In Shades of Grey, Jasper Fforde has created a richly imagined future that revolves entirely around color, and the perception of it. Explains Eddie, "No one could cheat the Colorman and the color test. What you got was what you were, forever. Your life, career and social standing decided right there and then, and all worrisome life uncertainties eradicated forever. You knew who you were, what you would do, where you would go and what was expected of you."
As the novel opens, Eddie doesn't want much from life. He wants to fulfill his Civil Obligations as best he can. He wants to marry into the prestigious Oxblood family. And he does have a few fairly radical ideas about improved ways to queue. Other than that, he wants to avoid the perils of swans, lightning, and mildew. But that's before he travels for the first time in his life, to the Outer Fringes, where the Rules are interpreted differently. Eddie's a fish out of water, and we're meeting people and learning about life in the village of East Carmine right along with him.
It is there that Eddie meets a Grey named Jane. He's smitten immediately, and that's even before she threatens to kill him. Jane, rude in a world without rudeness, violent in a world without violence, leads Eddie gradually down a path that has him questioning everything he thought he knew about the Colortocracy--in a world that most definitely does not value questions or those that ask them.

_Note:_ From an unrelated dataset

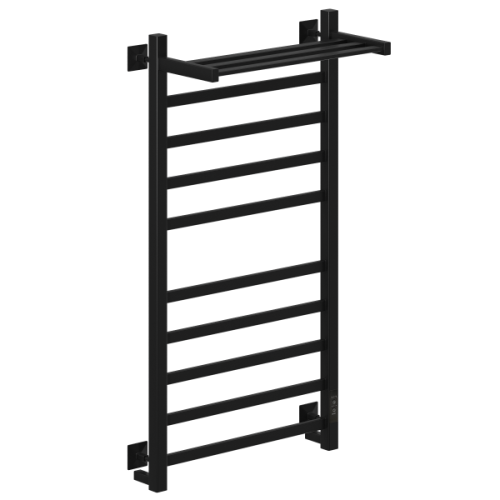 Полотенцесушитель НИКА с греющим кабелем STEP-1 ВП U 100/50 (RAL9005 mat) фото в интернет-магазине САНТЕХСИТИ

By now, you many have gathered that this novel is a bit of a departure for Fforde. There is so much going on that it's hard to take it all in, and virtually impossible to summarize. While undeniably funny, the humor is darker and a bit less overt. Shades of Grey is more challenging, sophisticated, and substantive than anything we've seen previously from Mr. Fforde. In a word, it's brilliant! The cleverness he has always displayed in his Thursday Next novels is dialed up several notches here, as he points his satirical eye at a world so strange and outlandish that comparisons to our own are inescapable. I'm not convinced that all of the Fforde Ffanatics will embrace this latest work, but I suspect most will. And I, for one, with be looking forward with great enthusiasm to Shades of Grey 2: Painting by Numbers and Shades of Grey 3: The Gordini Protocols.